How fantasy football teaches you all you need to know about investing
Five weeks into the NFL season, fantasy football managers are either high-fiving themselves for their place in the standings or praying for basketball season to begin. No matter how your team is doing, fantasy football is a great way to get close to the experience of the game (without all the concussions). But did you know it also mimics the equally rough-and-tumble milieu of…investing for retirement?
Some fantasy team managers draft their teams painstakingly, scouring offseason news and preseason depth charts. Throughout the season, they make adjustments to their starting lineups. They’re essentially treating their fantasy team like an actively managed stock mutual fund, reacting to every fluctuation in the market (game-to-game stats) and constantly looking for undervalued assets (players) to give them the edge.
Understanding compound interest: No math required!

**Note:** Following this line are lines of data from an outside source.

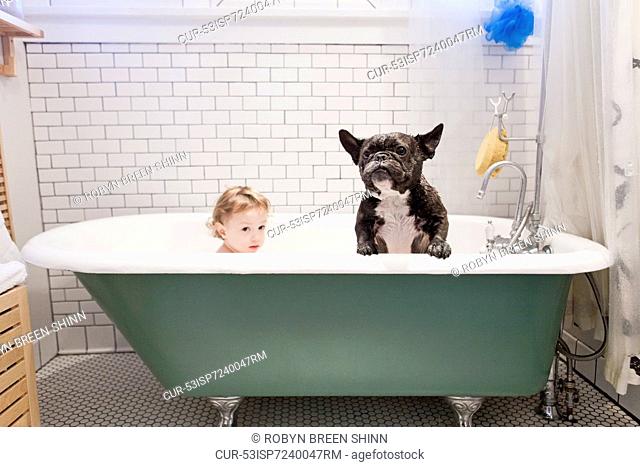 Girl sitting with bulldog in bathtub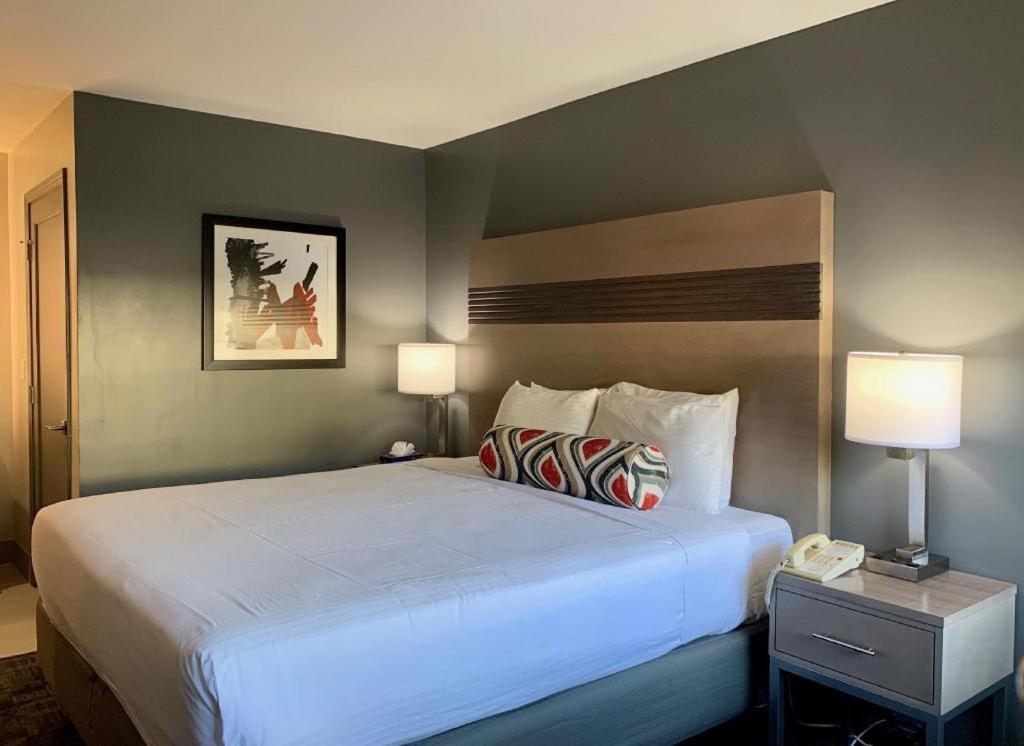 Pacific Motor Inn San José Kültér fotó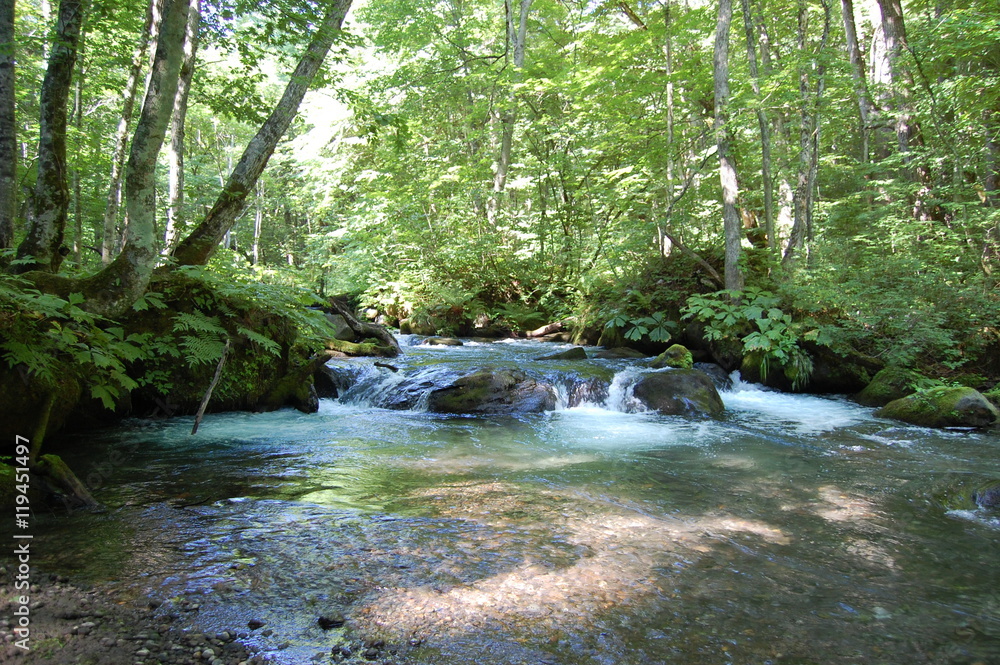 Obraz premium 奥入瀬渓流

Other fantasy team managers take a more laissez-faire approach. These are the people (Doris in Accounts Payable, for example) who just let Yahoo or ESPN auto-draft their team’s roster. Or they’re the set-it-and-forget-it types who never adjust their starting lineups after the first week, letting the gridiron gods decide their team’s fate. Think of them as managers of an index stock mutual fund, which simply tracks a preselected group of stocks called an index (such as the S&P 500). Unlike active fund managers, index fund managers work with stocks that have been auto-drafted, if you will. (For this reason, index funds also tend to have lower fees.)
But here’s a surprising fact: Studies show that when left alone over many years, index funds actually outperform their actively managed cousins. And as anyone who’s played fantasy sports will tell you, hands-off managers often end up reaching the playoffs or even winning championships (remember Doris from Accounts Payable?), to the great chagrin of competitors who spend hours obsessing over and altering their squads each week.
So take the auto-draft approach to your IRA or 401(k): Invest in an index fund and hold it. You’ll probably come out ahead, and save yourself a lot of time and trouble. That’s not fantasy; it’s reality.